Print again, word for word, all of the records below, and leave the pictures out.

··········

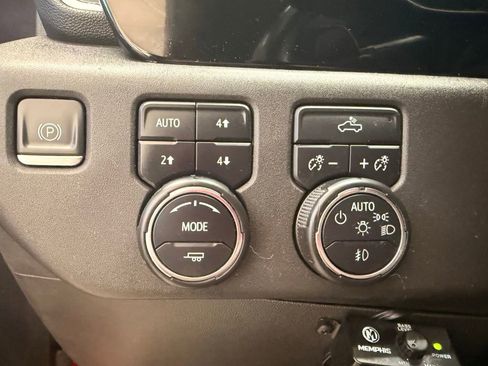 Used 2022 Chevrolet Silverado 1500 LT Trail Boss w/ Convenience Package II AWD/4WD image 18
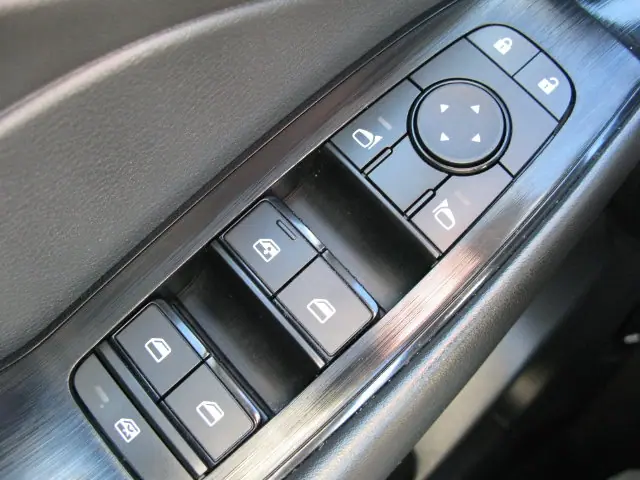 2024 Nissan Rogue S — photo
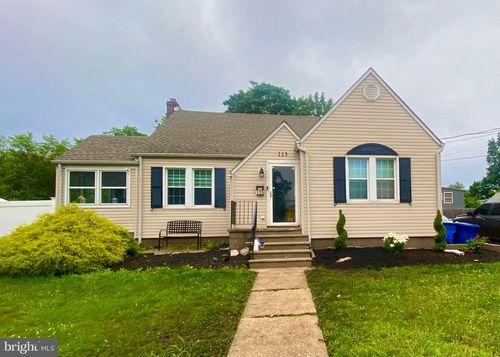 115 S Walnut Ave, Maple Shade, NJ, 08052-1733 | Card Image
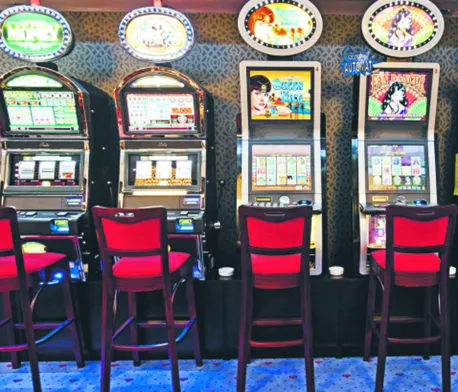 Hazard w Polsce: podziemie i internet zarabiają, państwo - nie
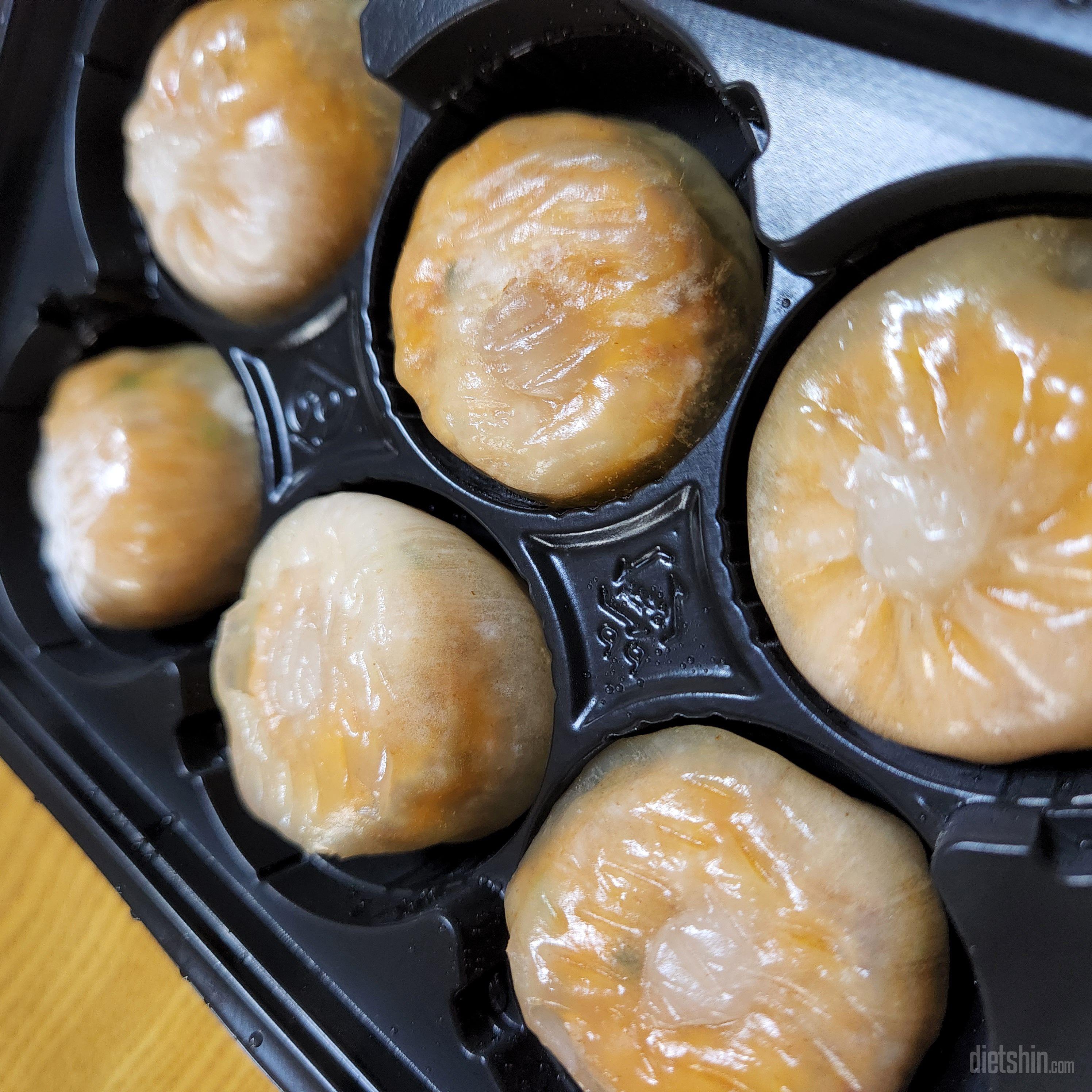 사이트에서 판매하는 다른 김치만두보다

··········

» Answer for this exercise:
 Used 2022 Chevrolet Silverado 1500 LT Trail Boss w/ Convenience Package II AWD/4WD image 18
 2024 Nissan Rogue S — photo
 115 S Walnut Ave, Maple Shade, NJ, 08052-1733 | Card Image
 Hazard w Polsce: podziemie i internet zarabiają, państwo - nie
 사이트에서 판매하는 다른 김치만두보다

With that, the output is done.